Oliver de la Marche, to whom we owe the description of
the scene (Memoires, ch. 29), appeared costumed as 'The Church,' in a
tower on the back of an elephant, and sang a long elegy on the victory
of the unbelievers.
But although the allegorical element in the poetry, the art, and the
festivals of Italy is superior both in good taste and in unity of
conception to what we find in other countries, yet it is not in these
qualities that it is most characteristic and unique. The decisive point
of superiority lay rather in the fact that, besides the
personifications of abstract qualities, historical rep- resentatives of
them were introduced in great number--that both poetry and plastic art
were accustomed to represent famous men and women.
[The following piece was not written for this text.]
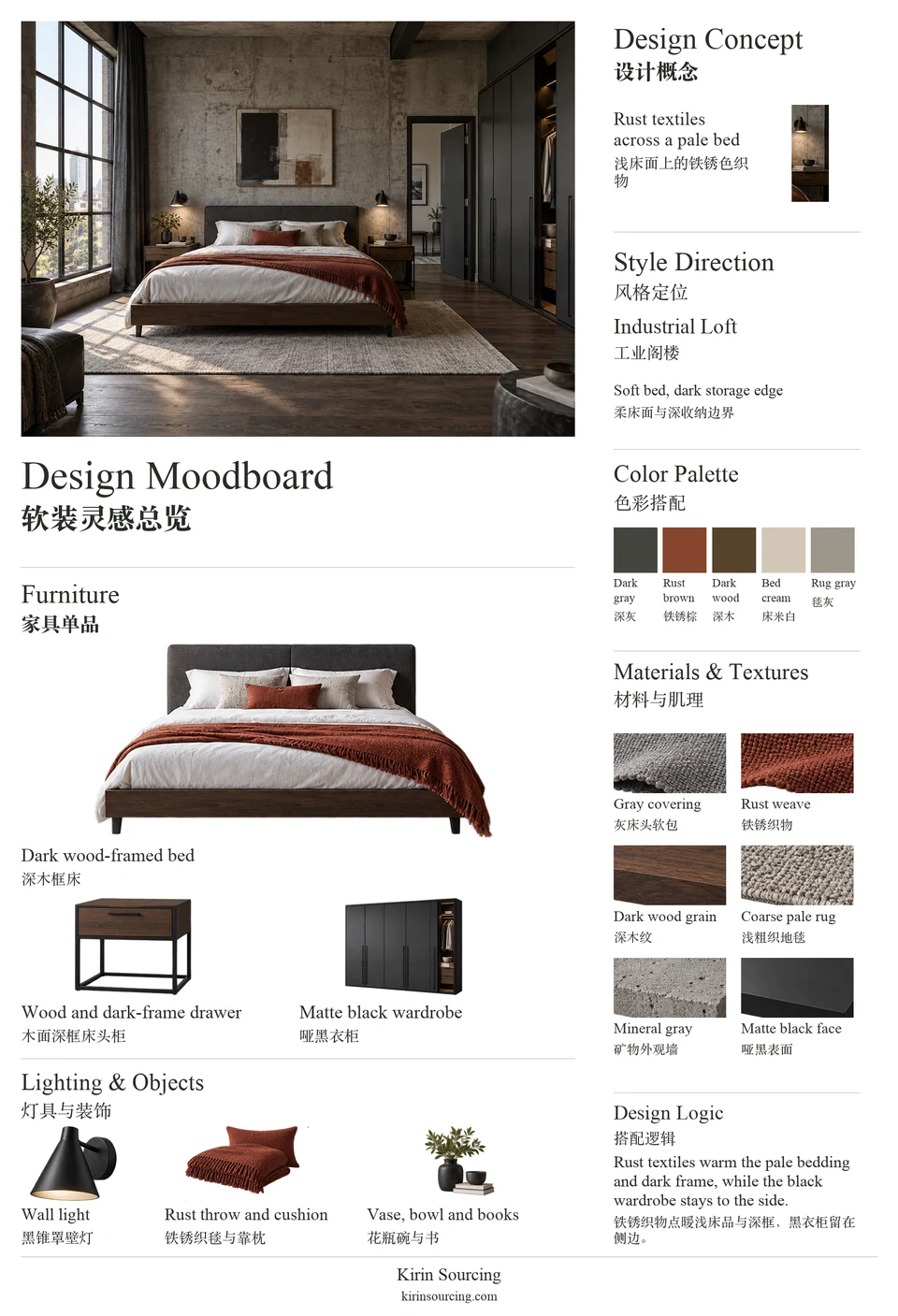 Industrial Loft Bedroom: furniture, texture and color moodboard.
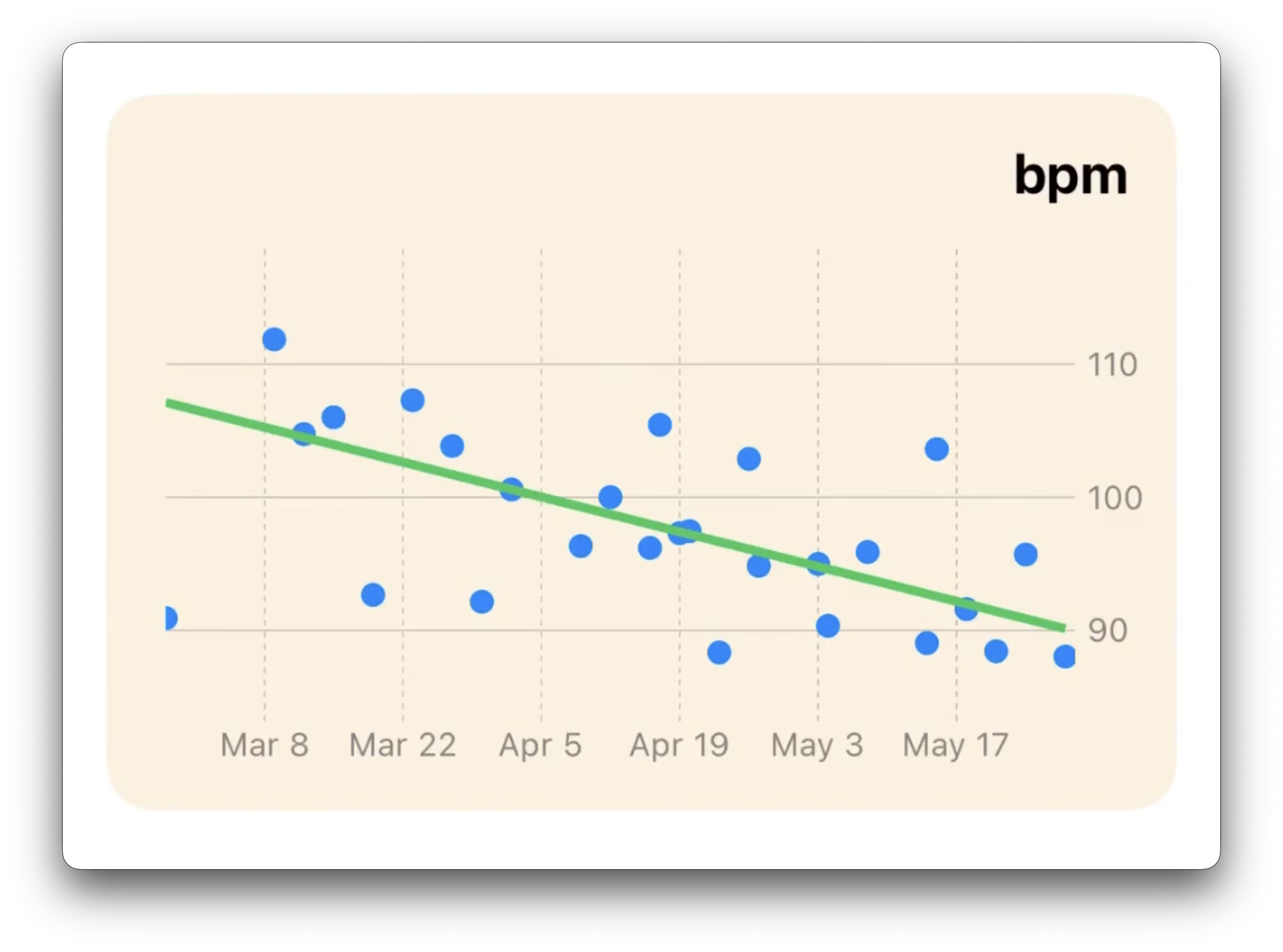 Zoomable Charts screen showing a pinch-zoomed date range on a trend chart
The 'Divine Comedy,'
the 'Trionfi' of Petrarch, the 'Amorosa Visione' of Boccaccio--all of
them works constructed on this principle--and the great diffusion of
culture which took place under the influence of antiquity, had made the
nation familiar with this historical element. These figures now
appeared at festivals, either individualized, as definite masks, or in
groups, as characteristic attendants on some leading allegorical
figure. The art of grouping and composition was thus learnt in Italy at
a time when the most splendid exhibitions in other countries were made
up of unintelligible symbolism or unmeaning puerilities.